The Department of Art History, Visual Art and Theory (AHVA) at the University of British Columbia is pleased to announce Diamond Point (Musqueam) as the new Koerner Artist in Residence. During her residency (September 1 to December 31, 2022), Point will be working in a studio at the Audain Art Centre, present work as part of the Faculty and Staff Exhibition at the AHVA Gallery, and give a public artist talk on her work on October 19, 2022 at 5:30 p.m. in Lasserre 104.

“What appeals to me most about the residency is the opportunity to connect with myself as an artist and Musqueam person. Being at UBC, in proximity to my home community, it feels like home. The residency will provide opportunities to convey, to faculty, students, and the UBC community, the longstanding history and connections that Musqueam people have to this territory. Any opportunity to teach this and to bring aspects of history and language into awareness, through my work, is what drives me as an artist.”

Diamond Point is an artist and educator. She was born and raised on the Musqueam First Nation, and is currently based in Ladner. She is a graduate of UBC’s Indigenous Teacher Education Program in the Faculty of Education, and leads Indigenous governance learning at West Point Grey Academy as the Indigenous Education Coordinator.
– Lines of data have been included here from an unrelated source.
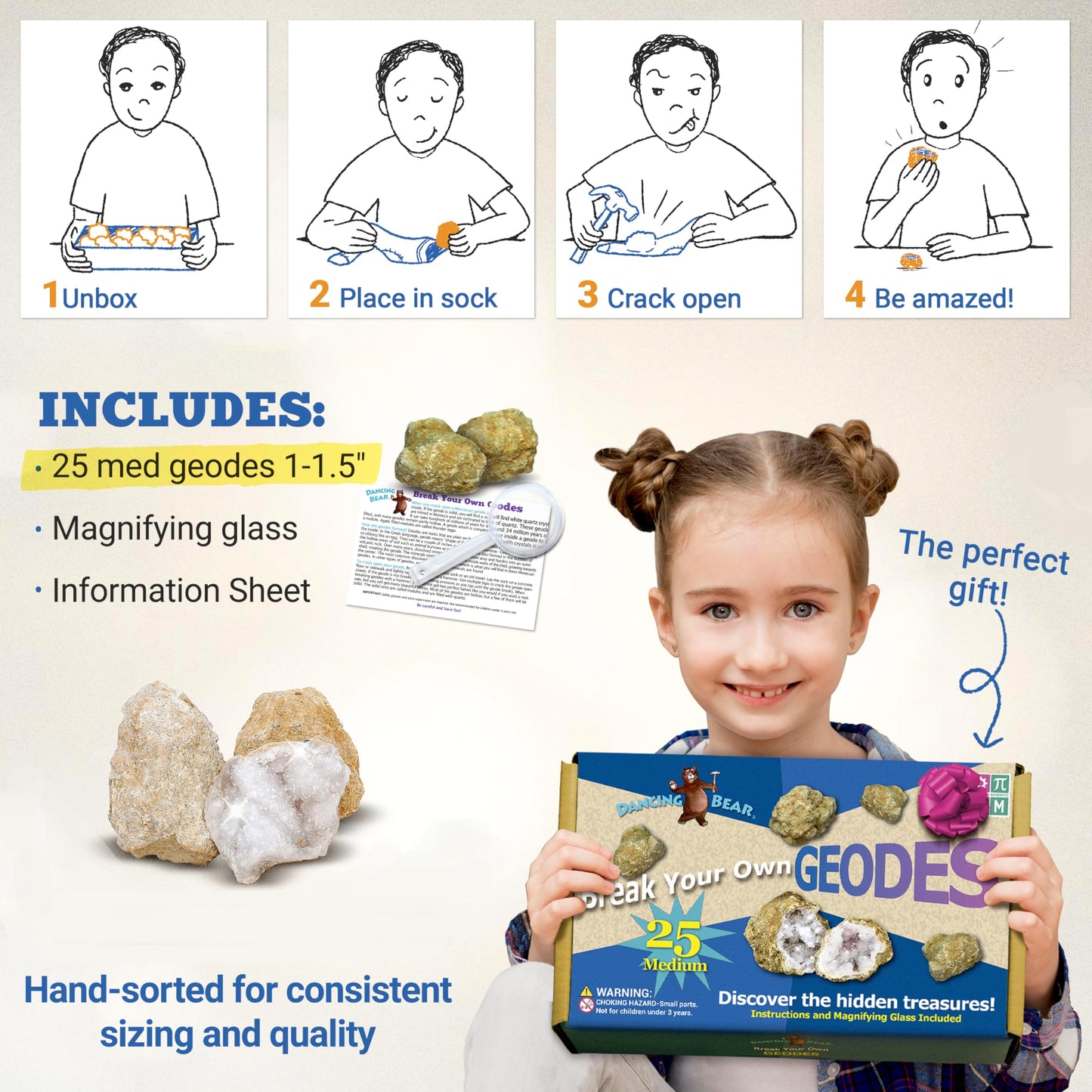 DANCING BEAR 25 Break Your Own Geodes – Medium 1–1.5" Hollow Crystals, Fun Educational Surprise Kit with Instructions, Party Favors & Prizes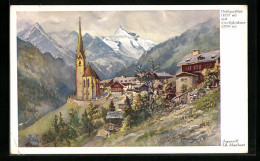 Künstler-AK Eduard Manhart: Heiligenblut, Ortsansicht Gegen Grossglockner  - Other & Unclassified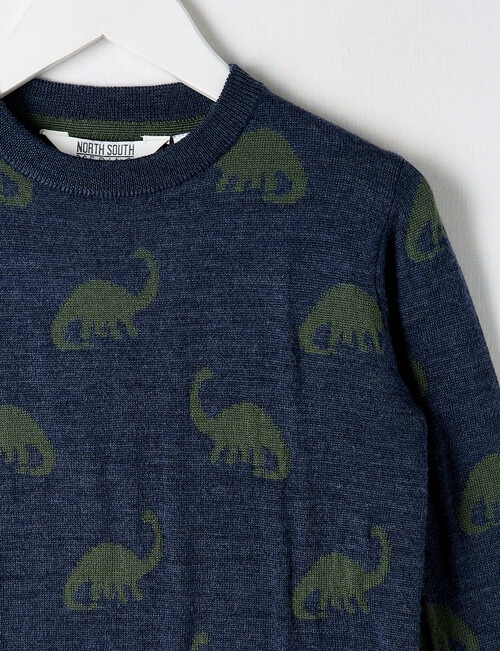 North South Merino Merino Dino Jumper, Denim Marle product photo View 02 L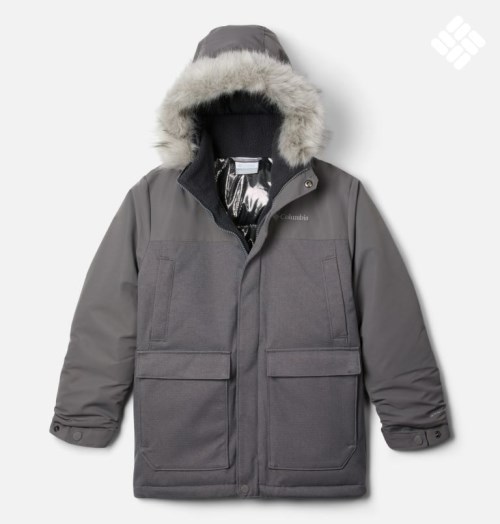 Kids' Columbia Boundary Bay Down Jackets Grey | CA-N5A34
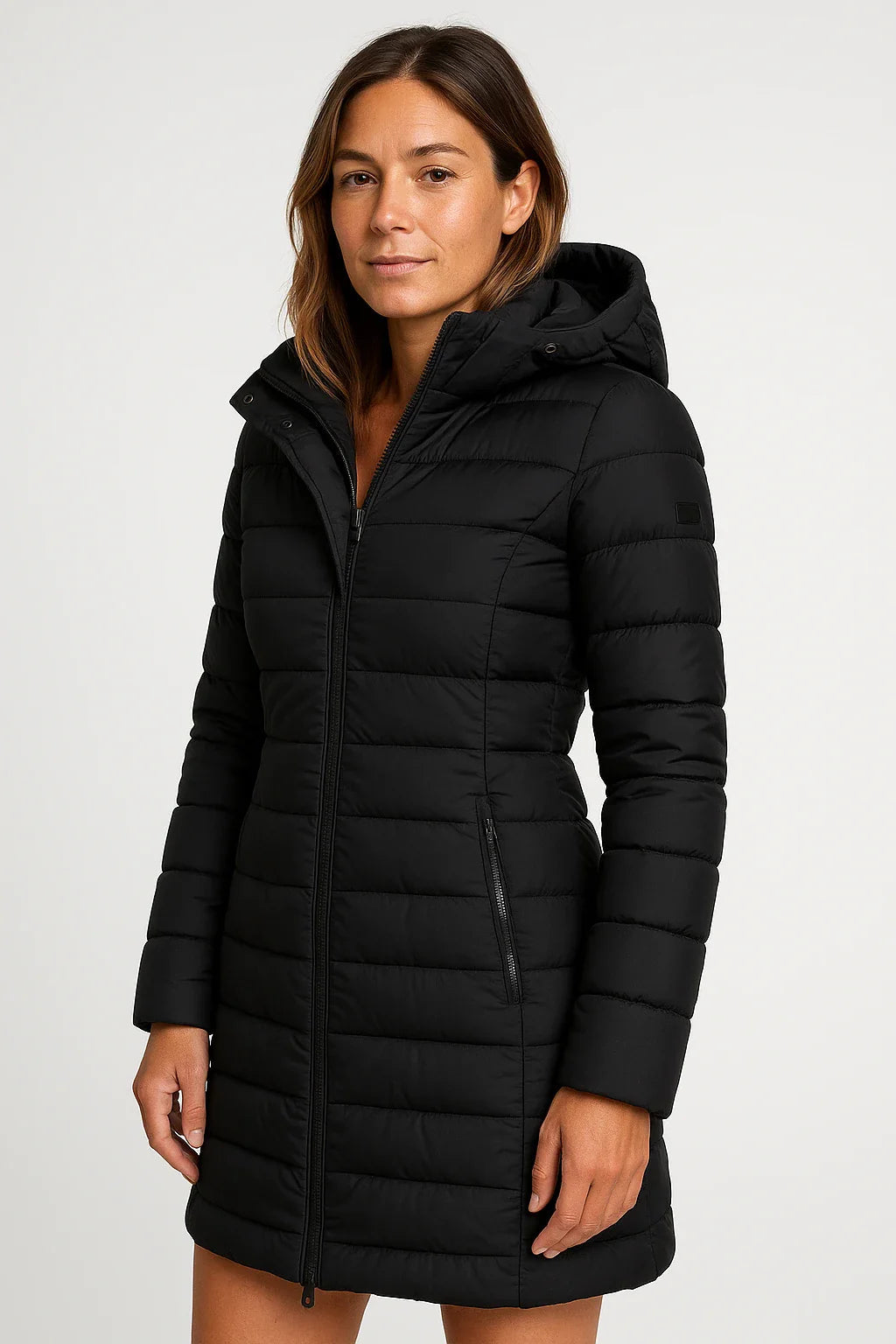 Quilted Puffer Jacket Women Mid-Length Hooded Winter Coat Stylish Outerwear 6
Point has been involved with numerous cultural mentorship programs, such as the Native Youth Program at the Museum of Anthropology, Gathering Our Voices workshops, and, more recently, a Canoe Awakening Ceremony with Delta School District. At West Point Grey Academy, Point teaches Contemporary Indigenous Studies 12 and Social Studies 10.

Point’s recent projects have often been site-specific and developed for installation in the public sphere, reaching broad audiences. Her works incorporate Musqueam and Coast Salish design elements passed down from her ancestors since time immemorial, while addressing issues of territorial justice and protocols that continue to the present day. Point’s recent public banner work, wəɬ m̓i ct q̓pəθət tə ɬniməɬ, was exhibited as part of the exhibition Soundings at the Morris and Helen Belkin Art Gallery in 2020, and remained in place until September 2022. The banners were hung in a sequence on the lampposts along UBC’s Main Mall from James Hart’s Reconciliation Pole to the plaza just beyond the Belkin Gallery. Incorporating the visual motifs of raised canoe paddles, the work harkened the traditional protocol of visitors to the land identifying themselves and awaiting permission and welcome before coming ashore.

Diamond Point’s work has been recently exhibited at the Museum of Anthropology, Totem Park Residences, Patagonia Vancouver, Vancouver Art Gallery, Vancouver Mural Festival, Morris and Helen Belkin Art Gallery, and Capture Photography Festival.

The Koerner Artist in Residence Program in the Department of Art History, Visual Art and Theory is made possible by the generous support of the Koerner Foundation and a private BC-based foundation. Past Koerner Artists in Residence were Germaine Koh, Stan Douglas, and Marianne Nicolson.